August Adam (14 April 1888 – 5 February 1965) was a German Catholic theologian. He is known for The Primacy of Love (1931), a theological study of love which argued for a rethinking of Catholic approaches to sexuality, chastity and morality.

==Early life and career==
August Adam was born on 14 April 1888 in Pursruck, Upper Palatinate, Germany. His older brother Karl Adam was also a priest and theologian. August Adam was ordained a priest in the Diocese of Regensburg in 1911, and studied first under his brother at the University of Tübingen, then under Otto Schilling at the University of Freiburg. He received his doctorate in 1924 with a thesis entitled Arbeit und Besitz nach Ratherius von Verona (Work and Property after Ratherius of Verona). He was denied permission to pursue the necessary qualifications to teach at the university level for reasons that were never explained but likely had to do with his progressive views. Instead, he became a teacher in Straubing, first at a secondary school then at a Gymnasium from 1928 until 1953.

==The Primacy of Love==
Adam's best-known work, The Primacy of Love, was published in 1931. In its theological account of love, the book is distinctive for treating love as synonymous with passion, and for its argument that eros is a manifestation of love.
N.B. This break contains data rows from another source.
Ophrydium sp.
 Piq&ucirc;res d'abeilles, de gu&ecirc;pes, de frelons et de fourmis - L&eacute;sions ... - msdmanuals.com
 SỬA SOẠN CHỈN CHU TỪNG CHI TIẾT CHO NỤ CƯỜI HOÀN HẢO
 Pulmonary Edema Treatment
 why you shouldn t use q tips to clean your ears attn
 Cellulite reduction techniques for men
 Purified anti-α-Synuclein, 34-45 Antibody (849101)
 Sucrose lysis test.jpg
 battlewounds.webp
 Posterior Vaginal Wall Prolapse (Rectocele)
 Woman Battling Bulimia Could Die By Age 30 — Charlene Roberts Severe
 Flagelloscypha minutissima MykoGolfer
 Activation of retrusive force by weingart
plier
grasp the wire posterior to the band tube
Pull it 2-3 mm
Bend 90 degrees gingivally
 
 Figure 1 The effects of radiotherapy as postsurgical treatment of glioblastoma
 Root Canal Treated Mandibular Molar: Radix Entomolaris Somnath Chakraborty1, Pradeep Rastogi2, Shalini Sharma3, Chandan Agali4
Love, Adam argues, should be at the core of Christian morality. Adam argues that sexuality can be a source of spiritual power, and that sins against the commandment "Thou shalt not commit adultery" are not necessarily more egregious than those against the others of the Ten Commandments. Adam did not downplay the importance of chastity, but saw chastity as the product of love rather than a route to love. Adam argued that morality and immorality cannot be reduced to chastity and unchastity, and that chastity is not the greatest of virtues, nor unchastity the greatest of sins. Adam argues that the question of sexuality should be understood as one part of a broader question: that of the place of Christ in the world. The book was praised in German theological journals and translated into several languages.

In a review in Theological Studies, Dietrich von Hildebrand praised The Primacy of Loves account of morality and of the history of the connection between impurity and immorality. Hildebrand criticised Adam, however, for failing to identify love as fundamental in the sexual sphere, despite his emphasis on the primacy of love in morality.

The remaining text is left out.